The widespread use of XML for encoding network protocols is a perfect example of this. Many people understand that XML is quite slow as a wire protocol but they misunderstand why this is true. The conventional assumption is that it is because XML documents are bulky and verbose; the performance problem can therefore be mitigated with data compression, reducing the bandwidth requirements. While it is true that XML-based protocols suffer from bandwidth bloat, the performance and scalability problems persist even when data compression is used, so clearly there are other factors involved. This tends to perplex software engineers who are not familiar with the nuances of wire protocol design.
A well-designed wire protocol has a very important property: it says what it is going to do before it does it. By prefacing all actions with metadata, it allows computers reading data off the wire to both know what to expect over the wire next and to infer the resource cost of reading that data off the wire. This allows the receiving system to do an enormous amount of optimization and resource conservation; if the receiving system does not know anything about what may be coming over the wire, it has to allow for everything and resources are allocated accordingly. An XML stream has the design flaw that you have to scan an unbounded string of characters for markers that terminate an atomic piece of data, encouraging both aggressive over-commitment of resources and suboptimal data structures where performance is concerned. If a malicious or defective XML stream goes over the wire, you may not be able to ascertain that fact until hard-coded resource limits are reached. Since resource management is generally the second most expensive operation in software after disk I/O, the very inefficient resource management adds up quickly where performance is concerned.

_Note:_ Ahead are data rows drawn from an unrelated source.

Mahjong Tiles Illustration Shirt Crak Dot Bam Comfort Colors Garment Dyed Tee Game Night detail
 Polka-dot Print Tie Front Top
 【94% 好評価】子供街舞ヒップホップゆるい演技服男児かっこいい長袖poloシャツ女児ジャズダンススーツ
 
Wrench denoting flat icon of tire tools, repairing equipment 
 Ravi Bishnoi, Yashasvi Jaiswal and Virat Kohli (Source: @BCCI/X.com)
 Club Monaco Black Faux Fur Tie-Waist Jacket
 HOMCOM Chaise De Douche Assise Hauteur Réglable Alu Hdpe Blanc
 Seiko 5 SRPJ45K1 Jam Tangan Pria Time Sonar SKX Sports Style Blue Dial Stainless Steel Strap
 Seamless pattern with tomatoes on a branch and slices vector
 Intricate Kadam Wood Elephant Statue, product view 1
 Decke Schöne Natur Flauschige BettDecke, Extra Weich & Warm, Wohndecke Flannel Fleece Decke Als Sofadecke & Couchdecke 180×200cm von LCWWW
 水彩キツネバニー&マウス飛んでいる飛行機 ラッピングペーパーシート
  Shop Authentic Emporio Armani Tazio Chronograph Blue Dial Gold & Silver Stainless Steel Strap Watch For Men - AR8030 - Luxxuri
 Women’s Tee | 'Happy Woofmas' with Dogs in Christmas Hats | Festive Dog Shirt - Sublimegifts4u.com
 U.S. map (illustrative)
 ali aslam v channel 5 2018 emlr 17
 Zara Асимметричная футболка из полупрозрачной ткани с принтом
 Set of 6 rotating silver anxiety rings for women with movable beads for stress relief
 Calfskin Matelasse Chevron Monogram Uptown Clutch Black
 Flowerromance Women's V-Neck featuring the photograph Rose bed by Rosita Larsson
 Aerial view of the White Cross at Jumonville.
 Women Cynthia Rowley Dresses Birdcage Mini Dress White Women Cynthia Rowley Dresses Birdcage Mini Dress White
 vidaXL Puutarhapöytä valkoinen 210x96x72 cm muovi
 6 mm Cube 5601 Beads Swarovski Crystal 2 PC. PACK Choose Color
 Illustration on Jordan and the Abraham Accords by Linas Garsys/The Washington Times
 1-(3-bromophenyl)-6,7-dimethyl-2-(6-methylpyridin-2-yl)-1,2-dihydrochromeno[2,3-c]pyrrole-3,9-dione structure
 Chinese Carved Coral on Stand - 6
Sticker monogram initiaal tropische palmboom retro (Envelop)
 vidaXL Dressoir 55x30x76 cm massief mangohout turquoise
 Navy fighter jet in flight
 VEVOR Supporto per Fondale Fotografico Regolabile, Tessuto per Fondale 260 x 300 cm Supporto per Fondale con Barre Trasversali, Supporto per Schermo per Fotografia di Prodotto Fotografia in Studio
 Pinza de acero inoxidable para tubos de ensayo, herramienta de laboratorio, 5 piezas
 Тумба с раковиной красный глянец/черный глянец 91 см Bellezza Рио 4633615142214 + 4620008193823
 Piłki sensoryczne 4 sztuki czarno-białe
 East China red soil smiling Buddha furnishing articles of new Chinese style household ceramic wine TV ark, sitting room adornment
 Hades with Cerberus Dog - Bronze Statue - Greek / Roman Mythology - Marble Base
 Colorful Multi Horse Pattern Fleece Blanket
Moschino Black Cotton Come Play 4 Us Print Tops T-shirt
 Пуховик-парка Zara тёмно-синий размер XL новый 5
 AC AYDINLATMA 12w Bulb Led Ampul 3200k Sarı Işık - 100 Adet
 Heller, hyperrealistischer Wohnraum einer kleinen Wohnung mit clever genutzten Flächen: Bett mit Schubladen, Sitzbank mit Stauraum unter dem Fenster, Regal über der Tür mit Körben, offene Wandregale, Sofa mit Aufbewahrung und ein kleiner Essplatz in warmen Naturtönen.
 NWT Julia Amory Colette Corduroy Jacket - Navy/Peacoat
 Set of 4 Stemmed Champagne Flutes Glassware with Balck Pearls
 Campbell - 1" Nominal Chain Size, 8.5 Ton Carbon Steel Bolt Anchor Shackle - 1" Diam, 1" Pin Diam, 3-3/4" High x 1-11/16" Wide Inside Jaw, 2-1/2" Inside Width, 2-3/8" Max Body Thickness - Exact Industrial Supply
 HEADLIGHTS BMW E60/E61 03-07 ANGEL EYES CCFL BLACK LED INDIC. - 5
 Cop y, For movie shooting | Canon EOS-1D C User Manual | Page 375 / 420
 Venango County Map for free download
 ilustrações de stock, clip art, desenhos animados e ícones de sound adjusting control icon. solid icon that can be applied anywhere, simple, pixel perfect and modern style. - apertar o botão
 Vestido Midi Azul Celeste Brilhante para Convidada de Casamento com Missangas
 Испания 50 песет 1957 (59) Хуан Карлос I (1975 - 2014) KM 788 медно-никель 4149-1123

In older, more civilized wire protocols, the design pattern often used is known as "TLV" protocols ("Tag-Length-Value"). You send a metadata header saying what you are about to do ("Tag"), the number of bytes required to send the relevant data over the wire ("Length"), and then the data itself ("Value"). This allows the receiving system to precisely predict the minimum resources required to successfully process the transaction and to trap many error conditions before pulling bytes over the wire. In real-world protocol implementations, a good TLV protocol will often outperform an equivalent XML protocol by an order of magnitude. That is not a small difference.
This fact is not entirely lost on the standards bodies. There are ASN.1 encoding rules ("XER") for translating XML into the venerable (and complicated) ASN.1 wire protocol encoding standards, which generally use a TLV model. Furthermore, the new binary XML standards are designed in part to address this oversight by providing an efficient wire protocol encoding standard for XML. I am satisfied with this, but I hope I never see another "scalable" and "high-performance" XML-encoded wire protocol. We should know better by now.